#### THE DATA:
╭──
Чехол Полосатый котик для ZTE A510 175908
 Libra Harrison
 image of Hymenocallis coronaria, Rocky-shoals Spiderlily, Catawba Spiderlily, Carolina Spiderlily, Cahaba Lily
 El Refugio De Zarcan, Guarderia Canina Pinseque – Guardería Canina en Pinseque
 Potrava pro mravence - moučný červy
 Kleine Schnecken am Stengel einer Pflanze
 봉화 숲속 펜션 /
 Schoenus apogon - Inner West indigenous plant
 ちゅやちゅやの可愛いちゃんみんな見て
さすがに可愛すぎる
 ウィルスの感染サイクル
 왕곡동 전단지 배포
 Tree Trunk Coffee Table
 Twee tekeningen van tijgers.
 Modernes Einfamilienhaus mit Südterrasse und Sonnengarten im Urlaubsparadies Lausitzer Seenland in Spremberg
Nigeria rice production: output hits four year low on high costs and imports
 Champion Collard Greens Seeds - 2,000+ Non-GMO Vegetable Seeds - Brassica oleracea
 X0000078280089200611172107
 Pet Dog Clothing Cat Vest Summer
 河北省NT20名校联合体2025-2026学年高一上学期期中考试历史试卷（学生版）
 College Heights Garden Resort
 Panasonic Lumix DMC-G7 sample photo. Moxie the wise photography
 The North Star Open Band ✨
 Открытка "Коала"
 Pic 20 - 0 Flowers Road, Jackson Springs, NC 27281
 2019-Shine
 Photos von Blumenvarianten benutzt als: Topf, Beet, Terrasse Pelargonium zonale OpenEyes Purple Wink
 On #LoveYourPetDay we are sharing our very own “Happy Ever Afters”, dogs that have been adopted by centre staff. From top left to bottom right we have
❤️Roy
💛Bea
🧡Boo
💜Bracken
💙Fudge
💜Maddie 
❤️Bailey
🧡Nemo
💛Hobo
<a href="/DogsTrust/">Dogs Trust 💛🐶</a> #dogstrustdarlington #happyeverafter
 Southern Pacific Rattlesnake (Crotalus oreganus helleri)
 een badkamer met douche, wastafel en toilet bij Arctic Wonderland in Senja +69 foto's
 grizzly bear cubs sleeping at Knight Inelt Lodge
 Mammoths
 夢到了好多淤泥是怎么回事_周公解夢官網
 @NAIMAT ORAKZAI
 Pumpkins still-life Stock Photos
╰──
#### EXERCISE INSTRUCTIONS:
Nothing in the listing should change; repeat it in full.

#### ANSWER TO THE PROBLEM:
Чехол Полосатый котик для ZTE A510 175908
 Libra Harrison
 image of Hymenocallis coronaria, Rocky-shoals Spiderlily, Catawba Spiderlily, Carolina Spiderlily, Cahaba Lily
 El Refugio De Zarcan, Guarderia Canina Pinseque – Guardería Canina en Pinseque
 Potrava pro mravence - moučný červy
 Kleine Schnecken am Stengel einer Pflanze
 봉화 숲속 펜션 /
 Schoenus apogon - Inner West indigenous plant
 ちゅやちゅやの可愛いちゃんみんな見て
さすがに可愛すぎる
 ウィルスの感染サイクル
 왕곡동 전단지 배포
 Tree Trunk Coffee Table
 Twee tekeningen van tijgers.
 Modernes Einfamilienhaus mit Südterrasse und Sonnengarten im Urlaubsparadies Lausitzer Seenland in Spremberg
Nigeria rice production: output hits four year low on high costs and imports
 Champion Collard Greens Seeds - 2,000+ Non-GMO Vegetable Seeds - Brassica oleracea
 X0000078280089200611172107
 Pet Dog Clothing Cat Vest Summer
 河北省NT20名校联合体2025-2026学年高一上学期期中考试历史试卷（学生版）
 College Heights Garden Resort
 Panasonic Lumix DMC-G7 sample photo. Moxie the wise photography
 The North Star Open Band ✨
 Открытка "Коала"
 Pic 20 - 0 Flowers Road, Jackson Springs, NC 27281
 2019-Shine
 Photos von Blumenvarianten benutzt als: Topf, Beet, Terrasse Pelargonium zonale OpenEyes Purple Wink
 On #LoveYourPetDay we are sharing our very own “Happy Ever Afters”, dogs that have been adopted by centre staff. From top left to bottom right we have
❤️Roy
💛Bea
🧡Boo
💜Bracken
💙Fudge
💜Maddie 
❤️Bailey
🧡Nemo
💛Hobo
<a href="/DogsTrust/">Dogs Trust 💛🐶</a> #dogstrustdarlington #happyeverafter
 Southern Pacific Rattlesnake (Crotalus oreganus helleri)
 een badkamer met douche, wastafel en toilet bij Arctic Wonderland in Senja +69 foto's
 grizzly bear cubs sleeping at Knight Inelt Lodge
 Mammoths
 夢到了好多淤泥是怎么回事_周公解夢官網
 @NAIMAT ORAKZAI
 Pumpkins still-life Stock Photos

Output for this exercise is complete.